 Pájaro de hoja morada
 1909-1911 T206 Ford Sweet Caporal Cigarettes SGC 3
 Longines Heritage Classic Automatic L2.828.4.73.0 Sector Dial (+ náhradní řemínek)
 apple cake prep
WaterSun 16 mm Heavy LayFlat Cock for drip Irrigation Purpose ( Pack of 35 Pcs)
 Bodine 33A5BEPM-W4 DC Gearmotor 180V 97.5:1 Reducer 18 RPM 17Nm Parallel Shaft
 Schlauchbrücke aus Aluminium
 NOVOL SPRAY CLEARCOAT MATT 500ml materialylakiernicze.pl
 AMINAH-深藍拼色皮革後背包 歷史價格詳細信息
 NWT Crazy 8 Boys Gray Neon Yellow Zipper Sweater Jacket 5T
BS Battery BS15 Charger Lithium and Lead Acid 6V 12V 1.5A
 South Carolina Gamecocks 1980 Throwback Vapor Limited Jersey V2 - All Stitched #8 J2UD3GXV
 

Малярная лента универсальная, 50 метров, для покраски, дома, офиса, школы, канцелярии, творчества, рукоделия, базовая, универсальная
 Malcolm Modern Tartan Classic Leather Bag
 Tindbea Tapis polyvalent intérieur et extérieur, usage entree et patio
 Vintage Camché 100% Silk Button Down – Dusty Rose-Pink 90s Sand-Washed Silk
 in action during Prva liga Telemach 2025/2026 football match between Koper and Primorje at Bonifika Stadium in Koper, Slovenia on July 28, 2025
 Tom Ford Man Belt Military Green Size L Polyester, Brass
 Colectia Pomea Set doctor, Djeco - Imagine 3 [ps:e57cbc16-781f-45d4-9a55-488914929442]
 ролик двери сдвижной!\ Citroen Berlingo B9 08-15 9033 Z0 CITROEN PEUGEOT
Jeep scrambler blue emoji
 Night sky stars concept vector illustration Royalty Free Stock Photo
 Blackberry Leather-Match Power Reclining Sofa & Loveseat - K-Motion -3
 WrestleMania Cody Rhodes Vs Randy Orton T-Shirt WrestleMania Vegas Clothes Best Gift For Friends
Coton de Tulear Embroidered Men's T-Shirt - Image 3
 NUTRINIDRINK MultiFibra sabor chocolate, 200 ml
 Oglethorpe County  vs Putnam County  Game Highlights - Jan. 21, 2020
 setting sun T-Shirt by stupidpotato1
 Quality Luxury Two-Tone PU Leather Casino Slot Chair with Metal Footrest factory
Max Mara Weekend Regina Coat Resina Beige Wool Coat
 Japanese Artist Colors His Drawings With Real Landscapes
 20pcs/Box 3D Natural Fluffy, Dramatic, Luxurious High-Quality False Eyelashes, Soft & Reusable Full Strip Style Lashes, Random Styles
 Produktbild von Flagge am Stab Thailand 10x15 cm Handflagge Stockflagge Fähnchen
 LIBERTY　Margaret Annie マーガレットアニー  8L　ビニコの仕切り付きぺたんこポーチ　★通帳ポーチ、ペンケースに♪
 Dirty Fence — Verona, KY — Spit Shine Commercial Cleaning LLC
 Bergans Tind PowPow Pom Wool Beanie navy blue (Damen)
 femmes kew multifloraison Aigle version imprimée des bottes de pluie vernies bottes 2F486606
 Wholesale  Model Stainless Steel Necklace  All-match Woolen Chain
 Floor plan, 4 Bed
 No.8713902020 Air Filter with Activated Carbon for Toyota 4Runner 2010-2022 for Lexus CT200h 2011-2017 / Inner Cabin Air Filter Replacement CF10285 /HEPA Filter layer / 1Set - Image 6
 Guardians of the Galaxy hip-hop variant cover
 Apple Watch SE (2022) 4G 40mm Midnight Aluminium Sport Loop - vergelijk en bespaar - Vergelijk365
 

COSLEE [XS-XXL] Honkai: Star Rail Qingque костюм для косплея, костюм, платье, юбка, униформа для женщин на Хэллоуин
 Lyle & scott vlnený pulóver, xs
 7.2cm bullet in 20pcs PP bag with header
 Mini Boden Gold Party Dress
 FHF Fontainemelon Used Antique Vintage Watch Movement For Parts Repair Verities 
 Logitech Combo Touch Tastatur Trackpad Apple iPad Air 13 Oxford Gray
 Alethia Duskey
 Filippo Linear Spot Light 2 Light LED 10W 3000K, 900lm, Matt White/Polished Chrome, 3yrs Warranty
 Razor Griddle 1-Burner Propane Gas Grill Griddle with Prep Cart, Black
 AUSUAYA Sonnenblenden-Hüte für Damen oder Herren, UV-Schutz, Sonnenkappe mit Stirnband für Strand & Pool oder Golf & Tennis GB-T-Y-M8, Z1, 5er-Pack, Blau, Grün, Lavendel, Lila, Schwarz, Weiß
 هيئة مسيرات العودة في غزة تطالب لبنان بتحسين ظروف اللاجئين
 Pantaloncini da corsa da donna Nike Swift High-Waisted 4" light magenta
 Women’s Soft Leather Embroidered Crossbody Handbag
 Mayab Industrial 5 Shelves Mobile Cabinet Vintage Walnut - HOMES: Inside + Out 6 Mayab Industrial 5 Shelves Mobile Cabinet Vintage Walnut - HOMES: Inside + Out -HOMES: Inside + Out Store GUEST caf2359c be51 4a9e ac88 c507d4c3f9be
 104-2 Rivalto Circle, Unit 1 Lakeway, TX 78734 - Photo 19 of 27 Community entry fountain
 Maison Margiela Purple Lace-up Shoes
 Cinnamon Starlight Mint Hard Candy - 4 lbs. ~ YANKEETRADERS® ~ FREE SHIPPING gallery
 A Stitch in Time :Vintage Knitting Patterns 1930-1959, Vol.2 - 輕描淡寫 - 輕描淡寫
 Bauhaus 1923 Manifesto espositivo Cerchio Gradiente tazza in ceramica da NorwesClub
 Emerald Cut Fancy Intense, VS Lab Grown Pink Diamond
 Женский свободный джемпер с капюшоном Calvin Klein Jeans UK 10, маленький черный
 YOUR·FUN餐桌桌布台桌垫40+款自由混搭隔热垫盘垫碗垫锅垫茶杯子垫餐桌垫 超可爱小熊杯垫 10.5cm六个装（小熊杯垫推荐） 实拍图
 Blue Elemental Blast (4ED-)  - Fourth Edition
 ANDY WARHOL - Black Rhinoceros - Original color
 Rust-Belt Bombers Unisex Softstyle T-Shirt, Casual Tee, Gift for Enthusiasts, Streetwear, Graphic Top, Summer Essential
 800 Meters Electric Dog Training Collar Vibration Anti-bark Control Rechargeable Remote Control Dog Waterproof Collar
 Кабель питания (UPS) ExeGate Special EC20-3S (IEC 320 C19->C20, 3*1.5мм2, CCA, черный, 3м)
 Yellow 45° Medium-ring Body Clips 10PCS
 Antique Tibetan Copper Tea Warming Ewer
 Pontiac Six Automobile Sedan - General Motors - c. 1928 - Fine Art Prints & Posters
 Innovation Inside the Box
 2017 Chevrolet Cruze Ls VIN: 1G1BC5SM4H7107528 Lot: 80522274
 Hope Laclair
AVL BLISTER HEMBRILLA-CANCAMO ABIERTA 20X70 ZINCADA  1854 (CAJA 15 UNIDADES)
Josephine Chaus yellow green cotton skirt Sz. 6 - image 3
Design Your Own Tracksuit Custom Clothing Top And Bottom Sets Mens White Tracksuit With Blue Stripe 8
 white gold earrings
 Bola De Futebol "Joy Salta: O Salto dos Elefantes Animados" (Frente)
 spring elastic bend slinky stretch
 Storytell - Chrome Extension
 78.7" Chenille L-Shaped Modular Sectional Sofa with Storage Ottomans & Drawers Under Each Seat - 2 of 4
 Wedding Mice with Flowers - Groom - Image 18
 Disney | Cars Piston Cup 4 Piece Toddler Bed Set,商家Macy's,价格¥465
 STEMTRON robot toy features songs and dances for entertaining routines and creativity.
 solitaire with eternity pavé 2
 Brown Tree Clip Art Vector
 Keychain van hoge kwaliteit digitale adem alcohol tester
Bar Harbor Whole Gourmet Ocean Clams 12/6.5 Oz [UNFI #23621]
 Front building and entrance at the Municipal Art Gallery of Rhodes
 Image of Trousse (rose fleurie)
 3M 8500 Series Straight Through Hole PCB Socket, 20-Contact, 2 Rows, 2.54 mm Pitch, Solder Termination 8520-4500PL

========================

• TASK DETAILS:
Give again, exactly as written, the lines running from the first line of the data above through the line that contains "Vintage Camché 100%".

• SOLUTION TO THIS PROBLEM:
 Pájaro de hoja morada
 1909-1911 T206 Ford Sweet Caporal Cigarettes SGC 3
 Longines Heritage Classic Automatic L2.828.4.73.0 Sector Dial (+ náhradní řemínek)
 apple cake prep
WaterSun 16 mm Heavy LayFlat Cock for drip Irrigation Purpose ( Pack of 35 Pcs)
 Bodine 33A5BEPM-W4 DC Gearmotor 180V 97.5:1 Reducer 18 RPM 17Nm Parallel Shaft
 Schlauchbrücke aus Aluminium
 NOVOL SPRAY CLEARCOAT MATT 500ml materialylakiernicze.pl
 AMINAH-深藍拼色皮革後背包 歷史價格詳細信息
 NWT Crazy 8 Boys Gray Neon Yellow Zipper Sweater Jacket 5T
BS Battery BS15 Charger Lithium and Lead Acid 6V 12V 1.5A
 South Carolina Gamecocks 1980 Throwback Vapor Limited Jersey V2 - All Stitched #8 J2UD3GXV
 

Малярная лента универсальная, 50 метров, для покраски, дома, офиса, школы, канцелярии, творчества, рукоделия, базовая, универсальная
 Malcolm Modern Tartan Classic Leather Bag
 Tindbea Tapis polyvalent intérieur et extérieur, usage entree et patio
 Vintage Camché 100% Silk Button Down – Dusty Rose-Pink 90s Sand-Washed Silk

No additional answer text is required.